Vladimir Safatle, psicanalista, professor de filosofia da PUC e colunista da Folha de São Paulo, em seu livro, “Cinismo e Falência da Crítica”, diz algo emblemático sobre essa tão sonhada “forma de vida não opaca”: “Chamamos ‘forma de vida’ um conjunto socialmente partilhado de sistemas de ordenamento e justificação da conduta nos campos do trabalho, desejo e da linguagem. Tais sistemas não são simplesmente resultados de imposições coercitivas, mas da aceitação advinda da crença de eles operarem a partir de padrões desejados de racionalidade”.

Mas a razão não suporta o paradoxo: Como ser transparente se temos em nossa psique conteúdo mentais fora do acesso da consciência?

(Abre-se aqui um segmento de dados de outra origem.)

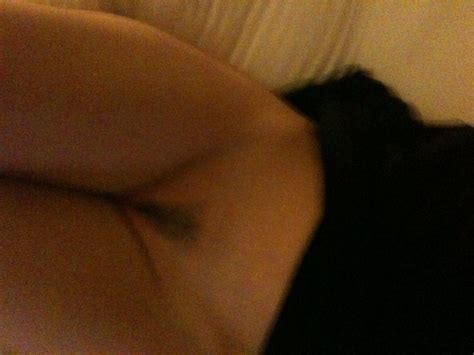 wow krysten ritter nude leaked pics [ 20 uncensored ]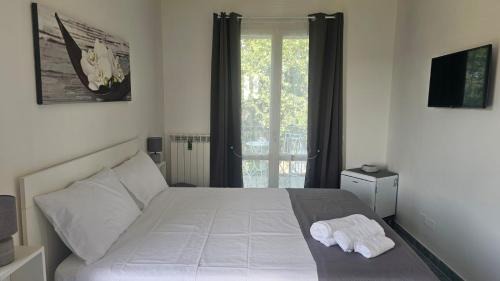 Sirolo House | Nina Camera
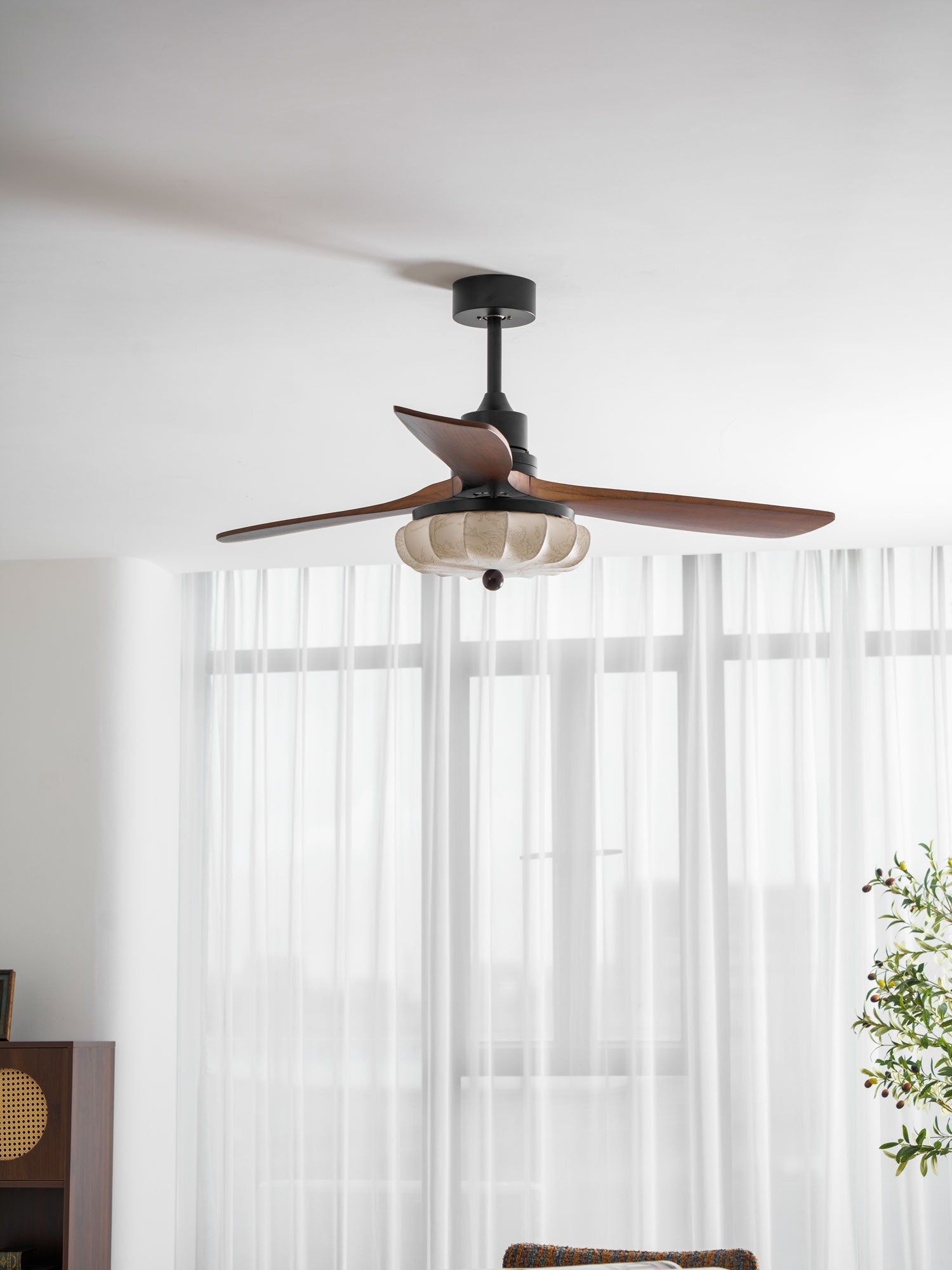 Ventilatore da Soffitto con Luce Jasper Bloom, con pale della ventola in movimento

Como ser transparente se “a verdadeira relação intersubjetiva ocorre primeiro entre o sujeito e a sua estrutura peculiar e não entre o sujeito e o outro”.

Na psicanálise Lacaniana, o verdadeiro objeto não está no homem, e sim na estrutura social onde ele está inserido. Vladimir Safatle, em seu livro “Lacan” (pág 42), editado pela “PubliFolha”, diz o seguinte: “o homem não seria agente, mas apenas suporte de estruturas que agem em seu lugar. Como se, por exemplo, os sujeitos não falassem, mas fossem falados pela linguagem, como se não agissem mas fossem agidos pelas estruturas sociais” ― ideia essa, muito comum no estruturalismo de Levi-Strauss, que assim preconizava: “não pretendemos demonstrar como os homens pensam nos mitos (ou através das estruturas, o que neste contexto, dá no mesmo), mas como os mitos pensam nos homens”. Na ótica lacaniana, “se trata de afirmar que as estruturas sociais são autônomas e inconscientes em relação à vontade individual”.

“O ser humano receia descobrir em si características que rejeita em outro ser humano” ― disse o padre Beto (um sacerdote que recentemente questionou a moral católica), no livro, “Verdades Proibidas”, lançado recentemente no mercado. E o que dizer da célebre frase tão usada e abusada ― “minha vida é um livro aberto”? O intento desta assertiva seria o de  mostrar que o sujeito está a dizer toda a verdade do seu ser-em-si? 

Luiz Alfredo Garcia-Roza, no seu livro, Palavra e Verdade, chegou a uma sábia conclusão: “A verdade jamais é dada.[...] A verdade que o filósofo procura é uma verdade que ele previamente colocou lá; como a cartola do mágico: dela só retiramos o coelho que previamente colocamos ali”.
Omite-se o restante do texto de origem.